Troy Williams acknowledged it has been painful.

The methodical walk to midfield, hand-in-hand with other team captains, greeting opponents each week before kickoff, only to have to make a similar slow walk back. Instead of a helmet, a headset. Instead of warmup throws, analyzing defenses from the sideline.

Even at his most frustrated point, though, he can’t argue with winning. And No. 20 Utah enters this week 4-0, a nationally ranked program once again, with Pac-12 challenger Stanford in town Saturday evening.

“Being able to win these games have knocked it out a lot, so it hasn’t been too bad,” Williams said this week. “Personally, took a little hit, but I’ll be all right.”

Williams, personified.

Like after an untracked blitz up the middle and the ensuing smack, the Utah senior quarterback bounces back.

This was a different kind of hurt. Life in Utah was the last clean slate, a fresh start, a personal ignition. He was voted a team captain, won the starting quarterback job and went on to help the Utes win nine games, including another bowl game, after arriving on campus in 2016.

He was told he lost the job he thought was his 10 days before the season-opener against North Dakota, a few days after being voted team captain once more. Instead, it was Tyler Huntley. He sought change when things soured during his first stint as a starting Pac-12 quarterback.

This time around, Williams said he was too invested in the program and his teammates and he knew, at some point along the line, they’d need him.

“He’s never ran from a fight in his life,” said Tim Kaub, Williams’ offensive coordinator in high school and at Santa Monica College, “and he wasn’t about to do so here.”

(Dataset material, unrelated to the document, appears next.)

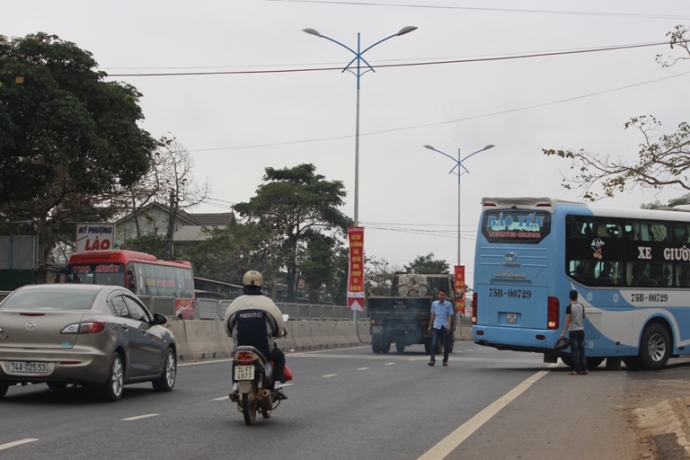 Bo- tay- truoc- nan- pha- luoi- chong- loa- QL1- H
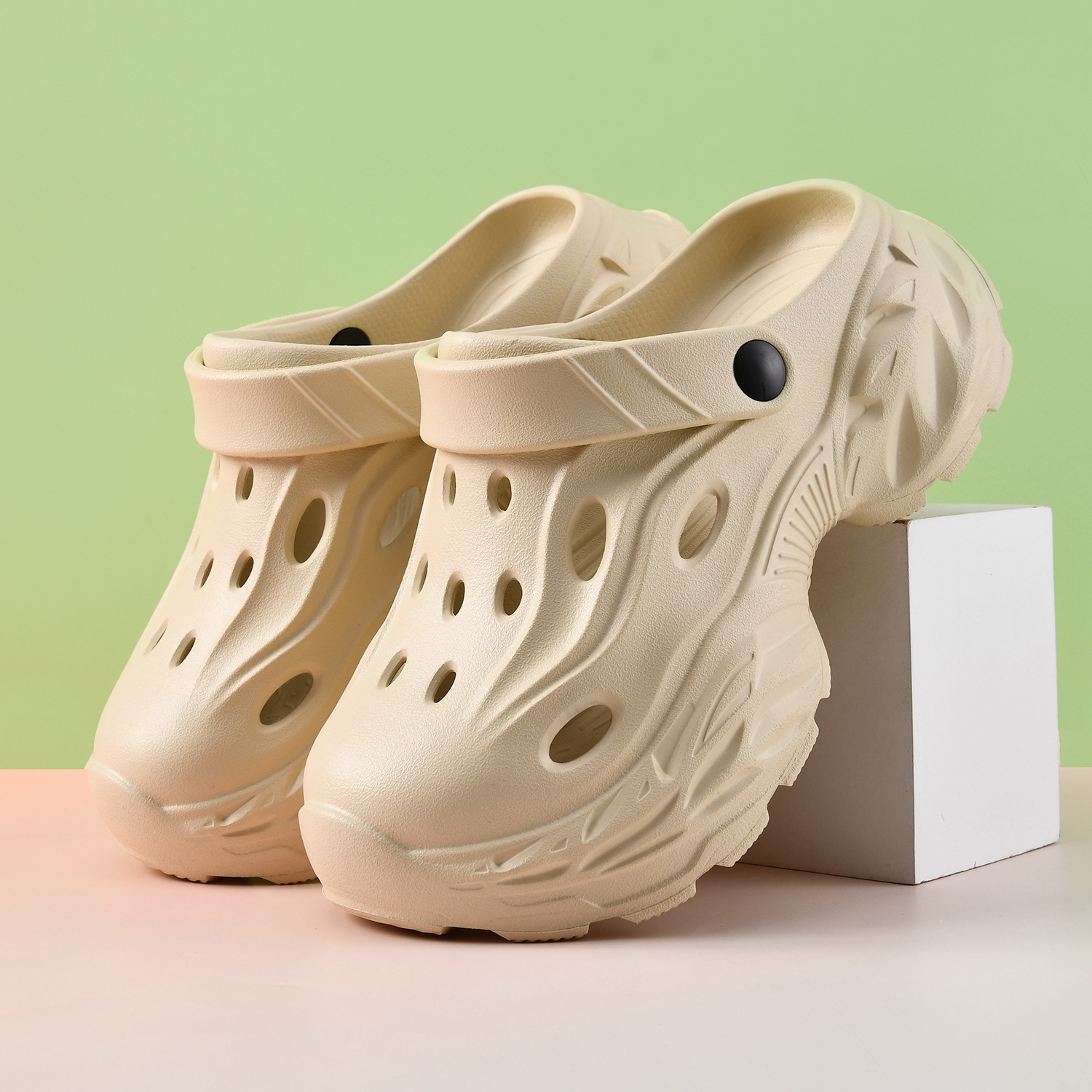 En nombre de los zapatos con agujeros para el cabello, uso externo para damas, nuevo estilo de verano, arrastre Baotou, sandalias y zapatillas de campamento EVA antideslizantes y transpirables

‘Now it’s his time to shine’

Darren Carrington dialed Williams, then texted him. As the former Oregon wideout attempted to figure out his next step after being dismissed from the Ducks program this summer, he reached out to the quarterback he starred with in 7-on-7 camps back in southern California.

If he came to Utah, Carrington recalled, everything would click, just like they had when they were paired up randomly in those offensive camps so long ago. But Williams wasn’t the starting QB. The job was Huntley’s, so the sophomore and senior transfer teamed up to be one of the top duos in college football the first three weeks of the season.

“[Troy] took it on the chin, never stopped working,” Carrington said, “and now it’s his time to shine.”

TROY WILLIAMS TIMELINE

June 2012 • Williams, a four-star recruit at Narbonne High (Calif.), commits to Washington.

February 2013 • Williams officially signs with UW, becoming Steve Sarkisian’s third four-star QB in two years.

December 2013 • Sarkisian is hired by USC; Chris Petersen is hired to replace him at UW.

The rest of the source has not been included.